The West African manatee may reach up to 4.5 metres (14 feet 9 inches) in length and weighs about 360 kilograms (790 pounds). They can live for an estimated 30 years, with females bearing one calf (twins are rare) every three to five years.
Habitat and Distribution
The African Manatee occurs in rivers, estuaries, lagoons, and coastal regions of Western Africa, from southern Mauritania to the Cuanza and Longa Rivers, Angola (Husar, 1978; Nishiwaki et al., 1982) and inland as far as Mali, Niger and Chad. They have been found in coastal marine and estuarine habitats and in fresh water river systems along the west coast of Africa from the Senegal River south to the Kwanza River in Angola, including areas in Gambia, Liberia, Guinea-Bissau, Guinea, Sierra Leone, Côte d’Ivoire, Ghana, Mali, Nigeria, Cameroon, Gabon, Republic of the Congo, and Democratic Republic of the Congo (Silva and Araújo, 2001).
Population Abundance and Mortality
Although crocodiles and sharks occasionally kill manatees in Africa, the African Manatees main significant threats are from humankind, through activities such as poaching, habitat loss and other environmental impacts. Accidental capture in fishing nets, accidental collision with boats, the damming of rivers, cutting of mangroves for firewood, coastal modernization and destruction of wetlands for agricultural and other development are the West African manatee’s greatest threats (Powell, 1996; Akoi, 1992; Reeves et al., 1988). Coastal environmental wellbeing is critical in sustaining the African Manatee population.
This threat has been exacerbated over the years brought about also by local hunting for their palatable meat, their skin, bones and oil, causing significant population declines in certain areas (Husar, 1978). The reproductive biological characteristics (with one offspring per female in every 3 years) of this species render recovery of depleted stocks very slow.

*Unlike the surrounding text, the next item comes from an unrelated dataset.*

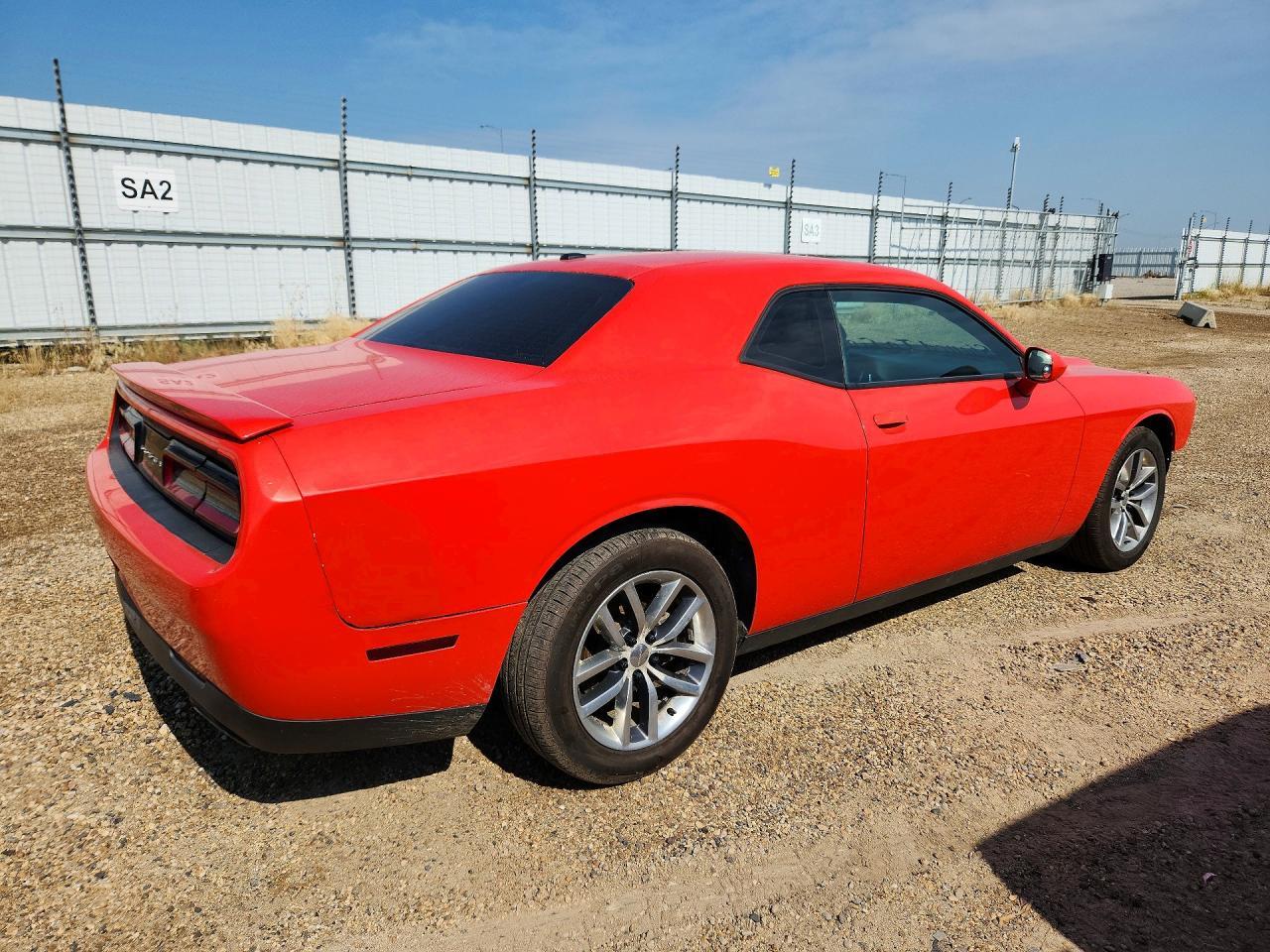 2017 Dodge Challenger Sxt - zdjęcie 3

http://www.wcs.org/saving-wildlife/ocean-giants/west-african-manatee.aspx). There is a lack of specific population information for most countries; however populations are thought to be most abundant in Gambia, Guinea Bissau and Gabon whilst numbers are in decline in Sierra Leona and near extinction in Senegal and possibly Benin, where for a time it was thought the local population was extinct.Surveys conducted in 1980-1981 produced a rough estimate of 9,000-15,000 individuals excluding Angola and Congo but it is likely that these numbers have since declined (Silva and Araujo. 2001). More recent estimates from individual countries include 750-800 individuals from the Ivory Coast and 256 sightings (439 individuals) from Guinea Bissau (
A study on the spatial distribution and exploitation status of the West African manatee in Sierra Leone was done by Reeves et al., in 1988. The study revealed that in addition to the above threats, the West African Manatee is considered as destructive pest in certain rice cultivated and fishing areas. The West African manatee feeds primarily on vegetation; it is dependent on emergent or overhanging, rather than submerged, vegetation.

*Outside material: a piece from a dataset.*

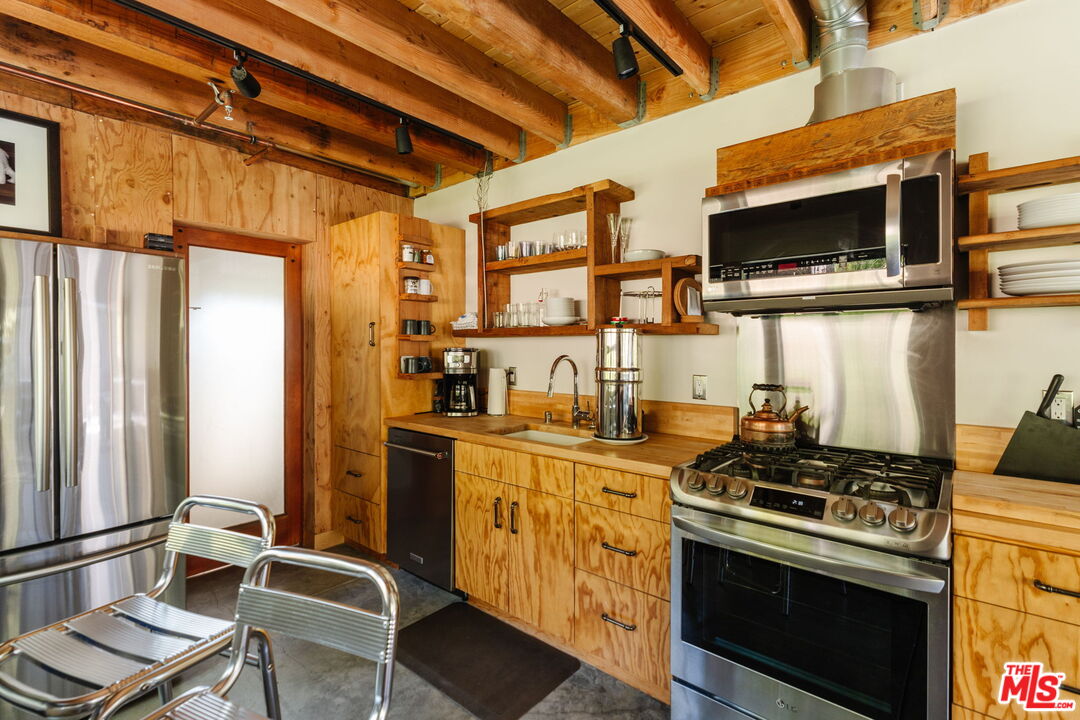 Property photo 44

They consume huge quantities of aquatic vegetation, which helps spread plant seeds and control plant overgrowth within their ecosystems. Their voracious feed behavior and movement in channels, estuaries etc. help reduce the obstacles or debris which in turn facilitates navigation and passage by users of water-ways for human economic activities. The manatee is hunted in its entire distribution areas for its meat, skin, oil, etc. (Powell. 1996; Reeves et al., 1988) providing source of protein and other benefits.

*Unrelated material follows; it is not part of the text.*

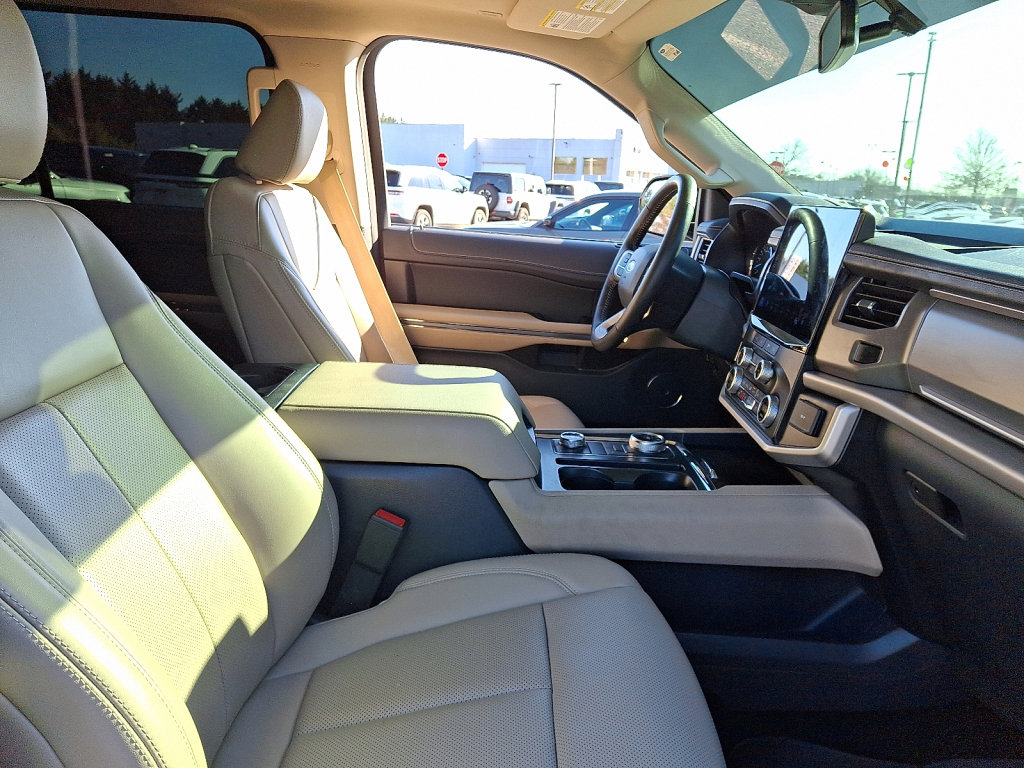 Used 2022 Ford Expedition XLT image 12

The West African manatee is listed in CITES (2007) which means trade in this species is regulated. Accordingly, the hunting of the West African manatee is banned in all countries in which this species is found but enforcement of legislation related to this is limited.
In most African countries there are regulations to protect and conserve marine mammals in their natural environments. These laws are somewhat blanket in nature for marine mammals such as manatee, cetaceans (Dolphins, Whales), and etc. Specific considerations such as Action Plan and legal framework for manatee protection and conservation are lacking. In addition, public awareness in respect to conservation issues for manatee is either inadequate or non-existent as well, 1996; Reeves et al., 1988).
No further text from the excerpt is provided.